Yeah, the landscape was pretty, the buildings less so...

Yesterday I actually got some seawatching in! Pulled more than 4 hours at the Nose before the sun came out and there were even birds!

2 [yes, 2!] Balearics, a Pom, a Bonxie [which viciously scragged a poor GBB..!], a few interesting-looking gulls, a fair few Gannets, Kittiwakes, and auks [2-300 of each]... oh, and 19 Puffins!!

Also present were a couple of ships for the first time in ages. I took pictures [the ships were far more co-operative than the birds, I must say] as one had an interesting motif at the bow;

Front end of the large Stena Bulk tanker 'Stena Arctica'
[I guess she's ice-hardened?]

Yes, that's a Polar Bear, mouth gaping with all the teeth going on!
[Also an impressive scrape, which went right down her side..]

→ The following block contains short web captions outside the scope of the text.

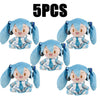 Five soft blue Hatsune Miku plush dolls in various poses and outfits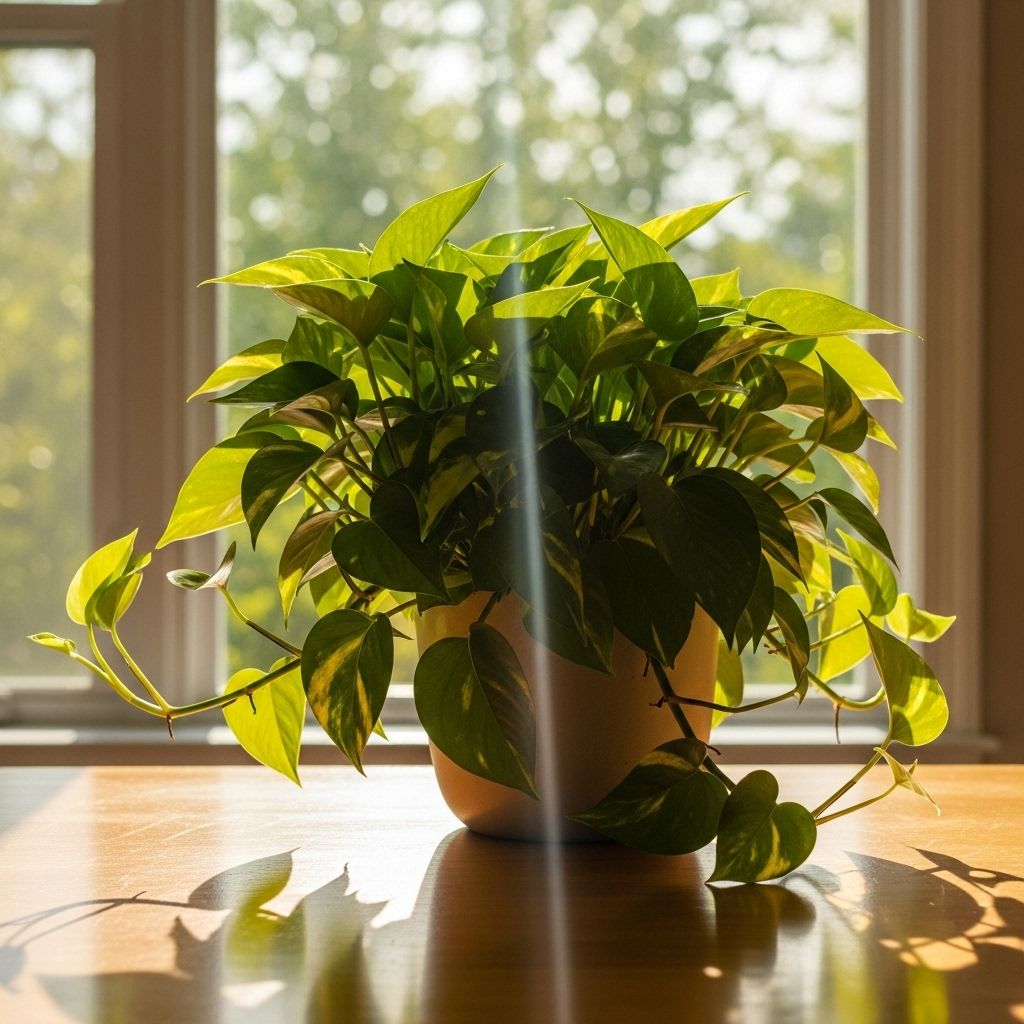 Filtered rays encourage vibrant variegation and promote robust, steady vine growth.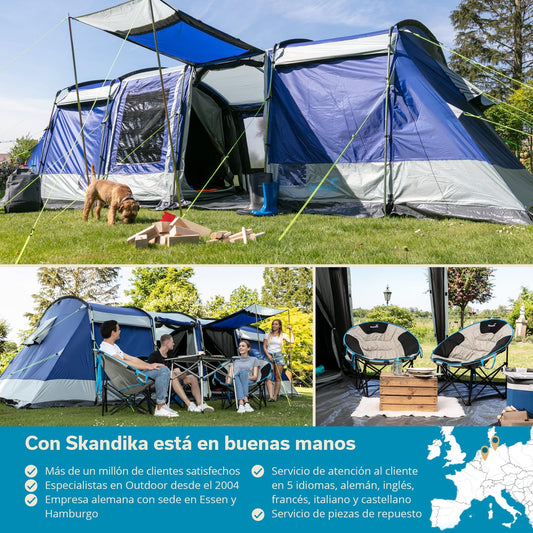 Skandika Montana Sleeper - Tienda de campaña Familiar para 8-10 Personas - cabinas oscuras para Dormir - Columna de Agua de 5.000 mm (Protec Sleeper 8 pers.)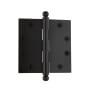 Grandeur 4.5 x 4.5 Inch Plain Bearing Square Corner Mortise Door Hinge with Ball Finial - Single Hinge Timeless Bronze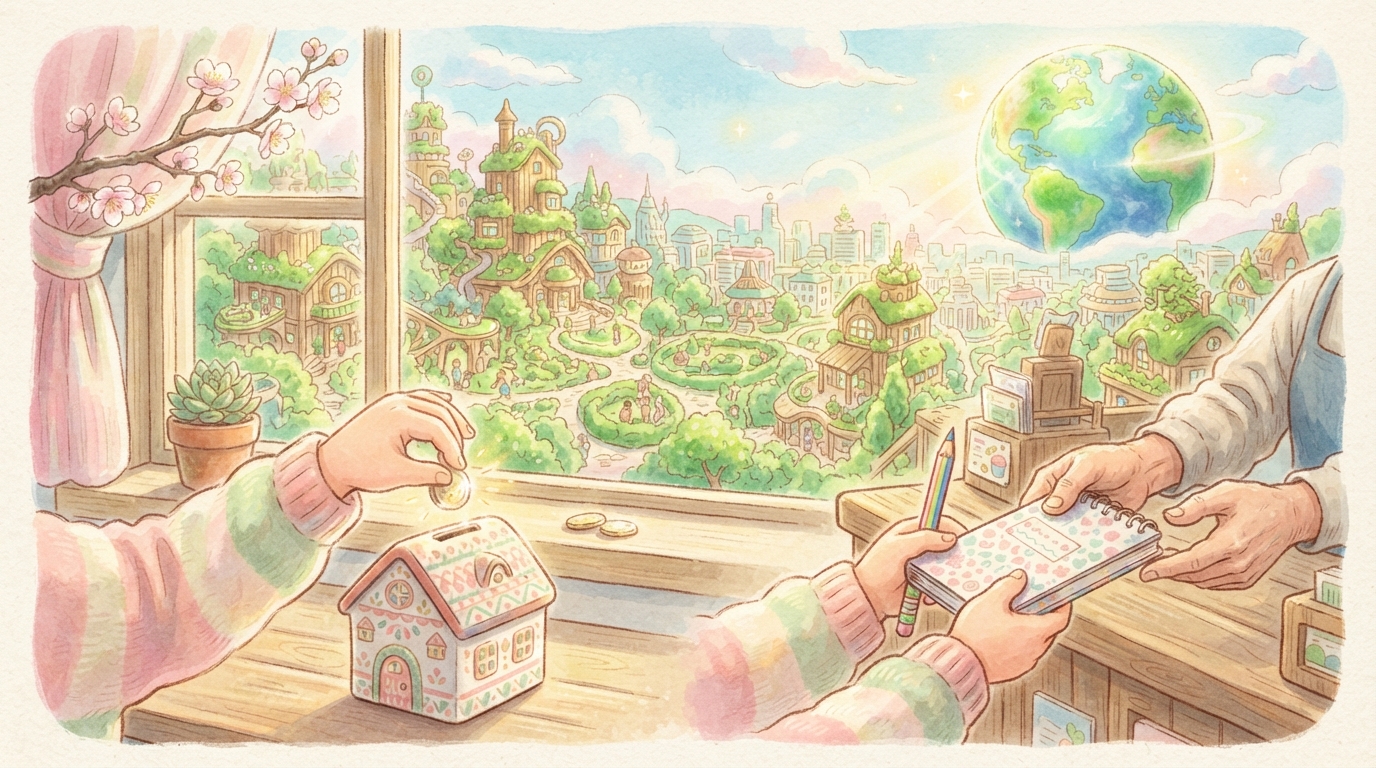 小学生の日常の買い物やお小遣いが大きな社会の未来と繋がっているイメージ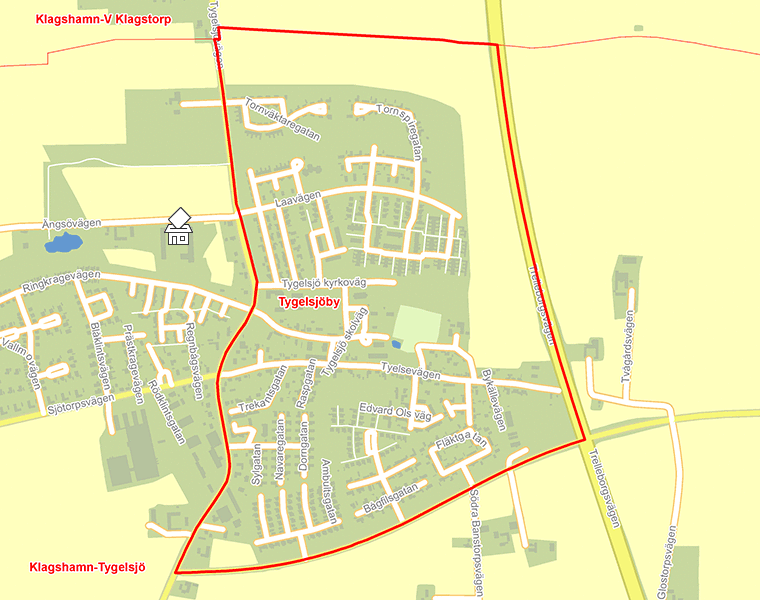 Karta över Tygelsjöby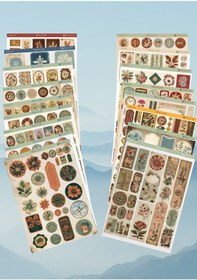 Resim 17'li Vintage Temalı 12 17 Cm Sticker Seti/bullet Journal, Scrapbook, Ajanda, Defter Için Diğer 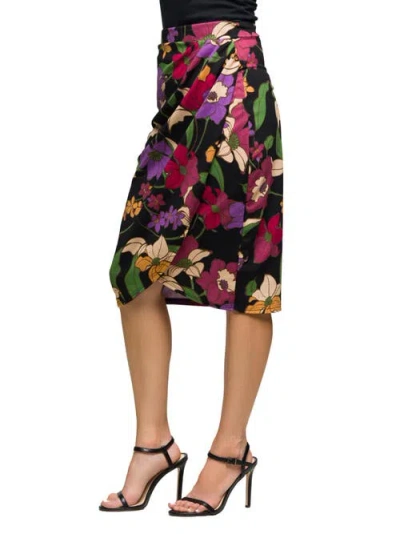 24seven Comfort Apparel Women's Black Multi Floral Print Midi Pencil Skirt In Multi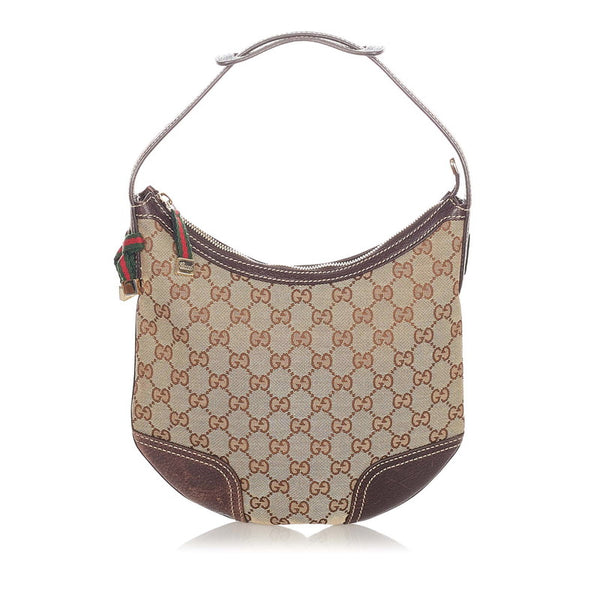 グッチ GGキャンバス プリンシー 162895 ベージュ ブラウン キャンバス レザー ショルダーバッグ レディース GUCCI 【中古】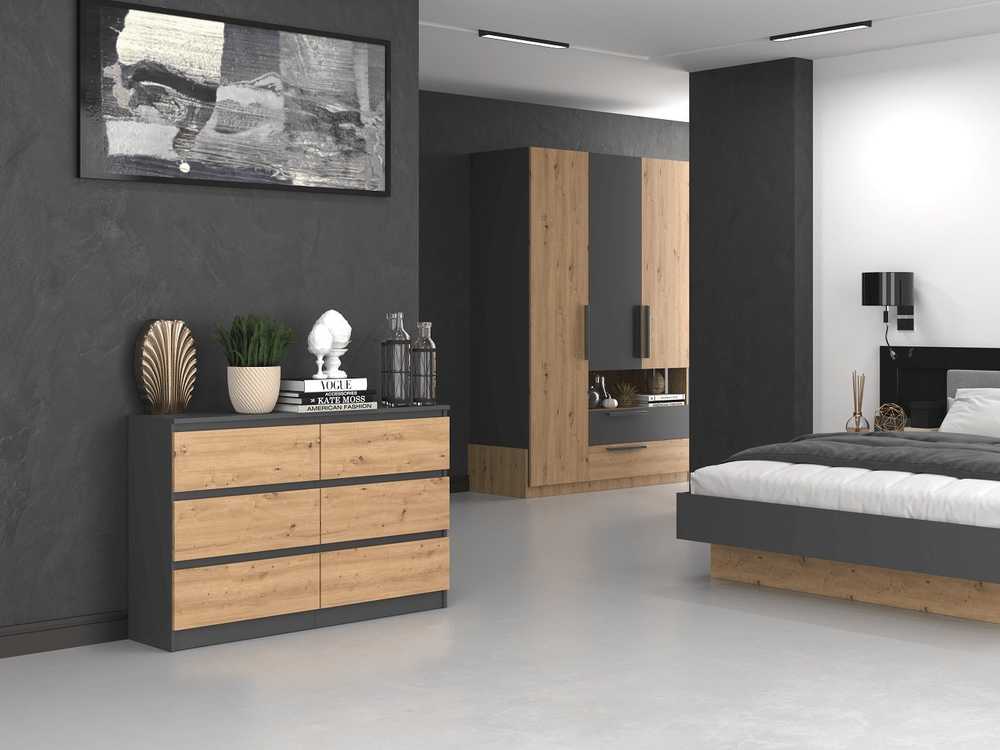 Top E Shop Baldų Komoda - Topeshop M6 120 Antracito Spalvos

In the late PM I got down to Towne and took the opportunity to check the Real Living Coasts, where I was rewarded with 3 Sandpipers Purple!!! First ones of the winter and weren't they cute in the low sunshine.. :D Also 2 Rockits and a Turnstone.

Friday.. I got about the Patch and there were a few Chiffs and Blackcaps at the Nose, but best bird was a Firecrest accompanying Goldcrests in the pines opposite the entrance! :D  A few parties of alba Wagtails were passing over, but otherwise pretty quiet.

Ok, that'll do for now.

21 October, 2015

Great Scott!

Happy Back To The Future Day everyone!

[Where's my hoverboard?]


Right then, so.. Sunday.

Feeling a bit better but still not anything like 100%, I did not go out a' yomping over t' Moor or anything like that. I did decide to do some proper birding instead.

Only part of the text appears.